Comme Erving Goffman le souligne très bien lui-même dans sa conclusion, parler du monde et des interactions prenant place au sein des sociétés humaines comme des représentations théâtrales est un lieu commun connu - et peut-être méprisé - par beaucoup de lecteurs.
Pourtant, c'est ce cliché qui offre à l'auteur le vocabulaire permettant d'étudier les interactions entre individus comme des représentations : chaque individu participant à une interaction sociale joue tour à tour le rôle de l'acteur et du public de cette interaction. En ce sens, il appartient à une multitude d'équipes (sa famille, ses amis, ses collègues...) dont les objectifs sont de maintenir la définition de l'interaction en train de se dérouler, pour éviter les faux-pas et gaffes faisant perdre la face. Pour cela, les équipes doivent s'organiser et s'adapter ; les lieux où la représentation a lieu et où elle est préparée doivent être habilement séparés ; le public doit quant à lui faire preuve de tact pour préserver le bon déroulement de l'interaction, etc.

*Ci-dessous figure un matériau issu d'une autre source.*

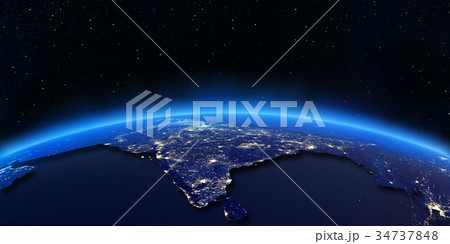 India city lights map 3d rendering 34737848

Tenter de résumer ainsi tout le raisonnement de l'auteur serait lui faire injure et surtout vous priver des nombreux exemples adéquatement choisis qui parsèment l'ouvrage. Qu'ils proviennent de romans, d'études d'autres sociologues ou bien de récits relatés par Goffman lui-même, ces derniers illustrent merveilleusement le propos en lui apportant une dimension nouvelle, sans pour autant le dénaturer ou le simplifier.
En bref, Erving Goffman réussit là où beaucoup de ses confrères ont échoué ; la mise en scène de la vie quotidienne est un ouvrage qui a l'ambition démesurée d'analyser, de décortiquer et surtout d'expliquer le déroulement et les motivations de la totalité des interactions sociales des sociétés occidentales, dans ce qu'elles ont de plus retors et alambiqué. Si cette ambition fait aujourd'hui sourire et a été abandonnée par la majeure partie de la profession, la première moitié du XXe siècle a vu bon nombre de chercheurs s'échiner à tenter d'écrire LE grand ouvrage de sociologie moderne. La lecture de sa deuxième partie (les relations en public) rendra la sentence définitive sur le succès de l'auteur.
En s'abstenant de tout jugement moral et en poussant si loin la précision de son analyse, la mise en scène de la vie quotidienne est un ouvrage éclairant, représentant idéal du pari de la sociologie : comprendre et expliquer, sans juger. Un livre que je recommande à tout le monde.